- A inteligência artificial (IA) está gerando debates sobre a possibilidade de uma nova bolha, semelhante à das pontocom.
- Sam Altman, CEO da OpenAI, expressou preocupações sobre o otimismo excessivo dos investidores, sugerindo que o setor pode estar inflacionado.
- Eric Schmidt, ex-CEO do Google, discorda e afirma que a IA representa uma nova estrutura industrial, evidenciada pela alta demanda por chips e data centers.
- Joe Tsai, cofundador do Alibaba, levantou preocupações sobre a construção de data centers, indicando que a entrada de grandes fundos pode não refletir a demanda real.
- Lisa Su, CEO da AMD, critica a narrativa de bolha e defende uma análise de longo prazo para entender o investimento em IA.
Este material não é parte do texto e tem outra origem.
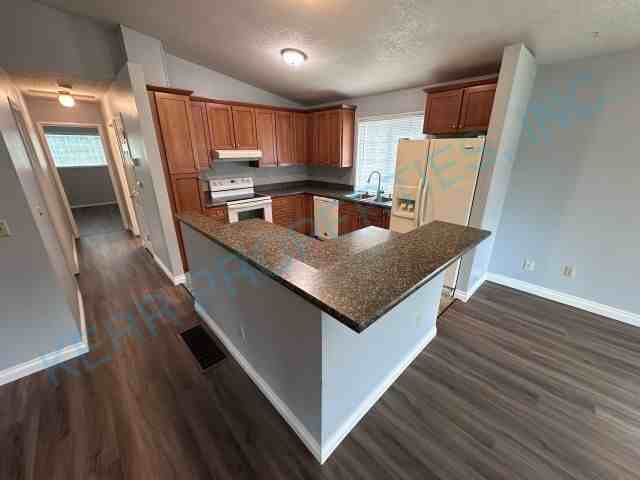 23010 Se Naomi Ct - Photo 7 of 32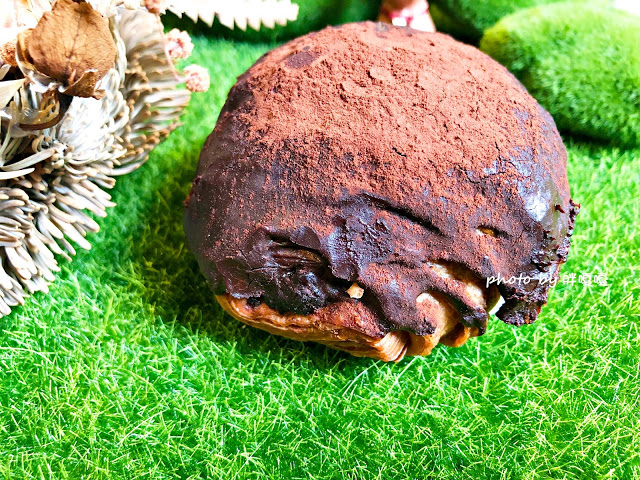 【台中 西區】旅禾 泡芙之家👉真的好吃的髒髒包,每日限量出爐,早上11點及下午3點,想吃就提早出門排隊去吧!價格也真的是很親民,一個40元不到^^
A inteligência artificial (IA) está em um momento de grande destaque, atraindo investimentos e gerando discussões sobre seu impacto em diversos setores. Contudo, a pergunta que permeia o setor é: estamos diante de uma nova bolha, semelhante à das pontocom?
Líderes influentes, como Sam Altman, CEO da OpenAI, expressam preocupações sobre o entusiasmo excessivo dos investidores. Em entrevista ao The Verge, Altman afirmou que, embora a IA seja “a coisa mais importante a acontecer em muito tempo”, o setor pode estar vivendo uma bolha fundamentada. Para ele, o otimismo dos investidores está inflacionado.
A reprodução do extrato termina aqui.